A typical situation - your program is not working properly. But you have no idea what's going on. In such situations I recommend not rushing to blame someone, but focus on your code. In 99.99% of cases, the root of the evil is a bug that was brought by someone from your development team. Very often this bug is really stupid and banal. So go ahead and spend some time looking for it!
The fact that the bug occurs from time to time means nothing. You may just have a Heisenbug
Blaming the compiler would be an even worse idea. It may do something wrong, of course, but very rarely. It will be very awkward if you find out that it was an incorrect use of sizeof(), for example. I have a post about that in my blog: The compiler is to blame for everything
But to set the record straight, I should say that there are exceptions. Very seldom the bug has nothing to do with the code. But we should be aware that such a possibility exists. This will help us to stay sane.

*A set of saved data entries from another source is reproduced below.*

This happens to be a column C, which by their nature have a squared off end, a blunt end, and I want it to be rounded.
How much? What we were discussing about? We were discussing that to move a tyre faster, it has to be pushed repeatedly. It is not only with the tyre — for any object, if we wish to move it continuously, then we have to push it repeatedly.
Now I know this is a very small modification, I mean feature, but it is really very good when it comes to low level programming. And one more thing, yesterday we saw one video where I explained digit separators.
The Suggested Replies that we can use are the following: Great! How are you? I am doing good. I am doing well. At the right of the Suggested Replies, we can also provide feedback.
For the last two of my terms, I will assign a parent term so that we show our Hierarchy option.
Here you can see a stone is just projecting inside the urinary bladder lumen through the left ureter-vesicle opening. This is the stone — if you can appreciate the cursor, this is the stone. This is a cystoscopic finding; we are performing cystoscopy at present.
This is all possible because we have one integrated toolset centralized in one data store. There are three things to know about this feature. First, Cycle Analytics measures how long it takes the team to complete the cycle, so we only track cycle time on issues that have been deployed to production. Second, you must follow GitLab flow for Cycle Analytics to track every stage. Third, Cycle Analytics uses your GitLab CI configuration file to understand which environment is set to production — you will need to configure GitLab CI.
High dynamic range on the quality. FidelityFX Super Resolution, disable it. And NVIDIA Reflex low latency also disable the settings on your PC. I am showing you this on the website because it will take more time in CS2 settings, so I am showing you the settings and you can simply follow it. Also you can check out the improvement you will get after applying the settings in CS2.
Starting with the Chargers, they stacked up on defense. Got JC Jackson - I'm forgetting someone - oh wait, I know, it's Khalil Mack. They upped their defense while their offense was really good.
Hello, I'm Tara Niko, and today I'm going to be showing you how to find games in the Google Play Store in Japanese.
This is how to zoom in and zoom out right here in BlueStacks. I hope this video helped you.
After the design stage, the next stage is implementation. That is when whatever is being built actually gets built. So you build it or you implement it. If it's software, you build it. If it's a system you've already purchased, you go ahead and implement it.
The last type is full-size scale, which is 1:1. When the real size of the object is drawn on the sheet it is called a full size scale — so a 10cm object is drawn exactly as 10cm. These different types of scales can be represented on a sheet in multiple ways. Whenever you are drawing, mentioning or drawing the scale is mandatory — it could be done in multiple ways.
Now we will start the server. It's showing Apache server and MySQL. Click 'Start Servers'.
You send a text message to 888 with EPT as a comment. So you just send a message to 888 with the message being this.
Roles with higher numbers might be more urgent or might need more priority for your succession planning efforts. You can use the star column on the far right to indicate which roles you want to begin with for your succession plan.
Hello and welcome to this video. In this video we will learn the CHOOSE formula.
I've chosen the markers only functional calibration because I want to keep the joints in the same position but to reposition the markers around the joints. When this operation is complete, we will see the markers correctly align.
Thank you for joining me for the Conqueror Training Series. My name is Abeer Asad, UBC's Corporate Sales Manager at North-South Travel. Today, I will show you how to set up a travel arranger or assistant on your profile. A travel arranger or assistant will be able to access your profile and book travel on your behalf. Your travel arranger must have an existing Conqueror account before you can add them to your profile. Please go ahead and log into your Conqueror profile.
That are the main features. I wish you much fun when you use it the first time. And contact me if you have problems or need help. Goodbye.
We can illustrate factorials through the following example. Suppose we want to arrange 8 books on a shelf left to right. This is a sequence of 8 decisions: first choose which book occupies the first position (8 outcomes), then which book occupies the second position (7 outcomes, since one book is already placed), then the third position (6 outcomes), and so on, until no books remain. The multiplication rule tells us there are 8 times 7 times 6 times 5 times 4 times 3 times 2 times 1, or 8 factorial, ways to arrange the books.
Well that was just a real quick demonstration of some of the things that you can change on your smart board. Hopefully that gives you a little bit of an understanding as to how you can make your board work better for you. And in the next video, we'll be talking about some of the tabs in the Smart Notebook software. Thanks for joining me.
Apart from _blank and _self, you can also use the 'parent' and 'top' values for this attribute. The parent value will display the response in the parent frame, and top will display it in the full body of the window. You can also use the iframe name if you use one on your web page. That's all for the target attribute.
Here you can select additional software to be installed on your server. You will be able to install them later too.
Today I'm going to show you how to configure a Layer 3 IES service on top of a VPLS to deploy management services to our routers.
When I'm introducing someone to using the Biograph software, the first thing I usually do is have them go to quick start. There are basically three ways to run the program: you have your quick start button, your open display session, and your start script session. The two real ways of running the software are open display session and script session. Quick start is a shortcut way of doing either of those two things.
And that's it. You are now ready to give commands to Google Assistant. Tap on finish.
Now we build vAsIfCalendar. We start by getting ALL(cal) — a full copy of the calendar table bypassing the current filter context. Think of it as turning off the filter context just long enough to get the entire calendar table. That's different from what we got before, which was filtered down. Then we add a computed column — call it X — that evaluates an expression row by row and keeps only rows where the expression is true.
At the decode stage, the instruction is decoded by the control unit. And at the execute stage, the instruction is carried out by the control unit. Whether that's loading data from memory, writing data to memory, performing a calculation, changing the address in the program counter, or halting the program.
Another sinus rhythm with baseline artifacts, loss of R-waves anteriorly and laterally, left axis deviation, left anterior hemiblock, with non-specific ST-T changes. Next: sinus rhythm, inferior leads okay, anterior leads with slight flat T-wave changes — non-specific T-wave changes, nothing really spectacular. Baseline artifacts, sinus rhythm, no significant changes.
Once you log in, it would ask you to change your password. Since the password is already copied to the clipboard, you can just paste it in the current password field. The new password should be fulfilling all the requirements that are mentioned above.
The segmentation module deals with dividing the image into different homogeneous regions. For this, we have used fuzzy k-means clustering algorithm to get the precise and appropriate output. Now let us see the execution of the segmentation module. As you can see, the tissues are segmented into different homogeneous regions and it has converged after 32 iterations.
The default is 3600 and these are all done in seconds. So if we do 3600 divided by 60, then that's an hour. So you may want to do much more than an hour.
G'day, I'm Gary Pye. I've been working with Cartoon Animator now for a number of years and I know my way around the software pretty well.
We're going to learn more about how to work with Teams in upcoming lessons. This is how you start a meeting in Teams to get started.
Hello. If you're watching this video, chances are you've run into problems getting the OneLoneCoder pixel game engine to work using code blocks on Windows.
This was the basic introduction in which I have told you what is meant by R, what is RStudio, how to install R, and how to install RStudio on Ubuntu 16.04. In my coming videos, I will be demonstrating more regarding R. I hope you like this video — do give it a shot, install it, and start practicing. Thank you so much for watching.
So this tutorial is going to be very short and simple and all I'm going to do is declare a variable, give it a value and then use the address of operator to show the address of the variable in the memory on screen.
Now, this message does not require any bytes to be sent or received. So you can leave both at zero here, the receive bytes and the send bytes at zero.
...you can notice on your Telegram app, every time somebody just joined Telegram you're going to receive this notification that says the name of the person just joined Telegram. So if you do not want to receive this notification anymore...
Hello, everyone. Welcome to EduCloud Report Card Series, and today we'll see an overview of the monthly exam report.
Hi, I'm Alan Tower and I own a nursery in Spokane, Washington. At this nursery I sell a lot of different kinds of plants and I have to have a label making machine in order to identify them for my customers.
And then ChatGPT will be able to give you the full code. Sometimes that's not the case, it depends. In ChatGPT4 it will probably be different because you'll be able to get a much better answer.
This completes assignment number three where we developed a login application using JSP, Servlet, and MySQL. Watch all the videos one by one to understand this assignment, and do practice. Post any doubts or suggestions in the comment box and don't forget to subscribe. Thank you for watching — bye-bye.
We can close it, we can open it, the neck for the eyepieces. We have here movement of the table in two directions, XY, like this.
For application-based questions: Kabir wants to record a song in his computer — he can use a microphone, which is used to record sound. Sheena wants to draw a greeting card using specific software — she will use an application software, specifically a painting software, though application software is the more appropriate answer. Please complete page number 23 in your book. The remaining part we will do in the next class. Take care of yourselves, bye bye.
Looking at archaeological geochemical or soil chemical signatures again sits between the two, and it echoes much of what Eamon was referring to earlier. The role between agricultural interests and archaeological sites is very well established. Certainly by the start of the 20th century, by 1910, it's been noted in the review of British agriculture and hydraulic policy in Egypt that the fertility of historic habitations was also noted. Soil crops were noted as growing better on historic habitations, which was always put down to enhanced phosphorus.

I'll demonstrate this using an example of a case that once happened with me. Fortunately, I have the necessary screenshots.
I was making a simple test project that was intended to demonstrate the abilities of the Viva64 analyzer (the predecessor of PVS-Studio), and this project was refusing to work correctly.
After long and tiresome investigations, I saw that one memory slot is causing all this trouble. One bit, to be exact. You can see on the picture that I am in debug mode, writing the value "3" in this memory cell.
After the memory is changed, the debugger reads the values to display in the window, and shows number 2: See, there is 0x02. Although I've set the "3" value. The low-order bit is always zero.
A memory test program confirmed the problem. It's strange that the computer was working normally without any problems. Replacement of the memory bank finally let my program work correctly.
I was very lucky. I had to deal with a simple test program. And still I spent a lot of time trying to understand what was happening. I was reviewing the assembler listing for more than two hours, trying to find the cause of the strange behavior. Yes, I was blaming the compiler for it.
I can't imagine how much more effort it would take, if it were a real program. Thank God I didn't have to debug anything else at that moment.
Always look for the error in your code. Do not try to shift responsibility.
However, if the bug reoccurs only on your computer for more than a week, it may be a sign that it's not because of your code.
Keep looking for the bug. But before going home, run an overnight RAM test. Perhaps, this simple step will save your nerves.